Exercise instructions: Each entry should be repeated exactly. Its pictures should not be.

+ + + +

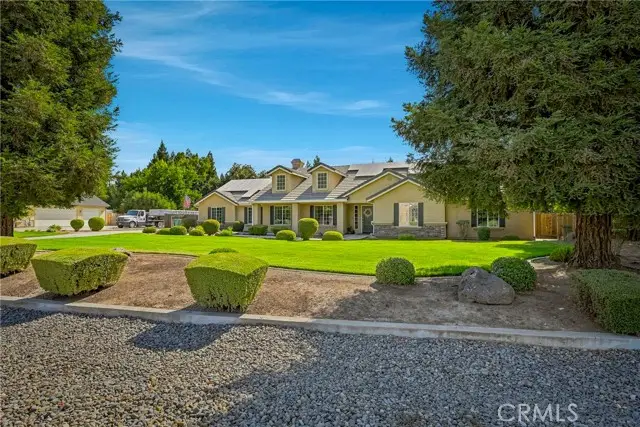 1060 Stratford Avenue, Atwater, CA 95301 - #2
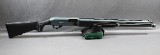 Stoeger ~ M3K ~ 12 Gauge - Image 1 of 14
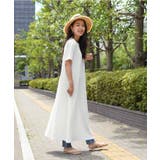 ワンピース レディース 夏 | REAL STYLE | 詳細画像12
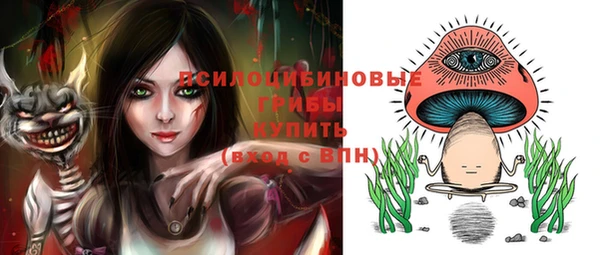 мескалин Алексин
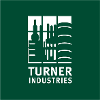 Turner Industries Hydroblaster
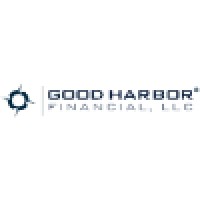 Good Harbor Financial, LLC logo, Good Harbor Financial, LLC contact details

+ + + +

Your response:
 1060 Stratford Avenue, Atwater, CA 95301 - #2
 Stoeger ~ M3K ~ 12 Gauge - Image 1 of 14
 ワンピース レディース 夏 | REAL STYLE | 詳細画像12
 мескалин Алексин
 Turner Industries Hydroblaster
 Good Harbor Financial, LLC logo, Good Harbor Financial, LLC contact details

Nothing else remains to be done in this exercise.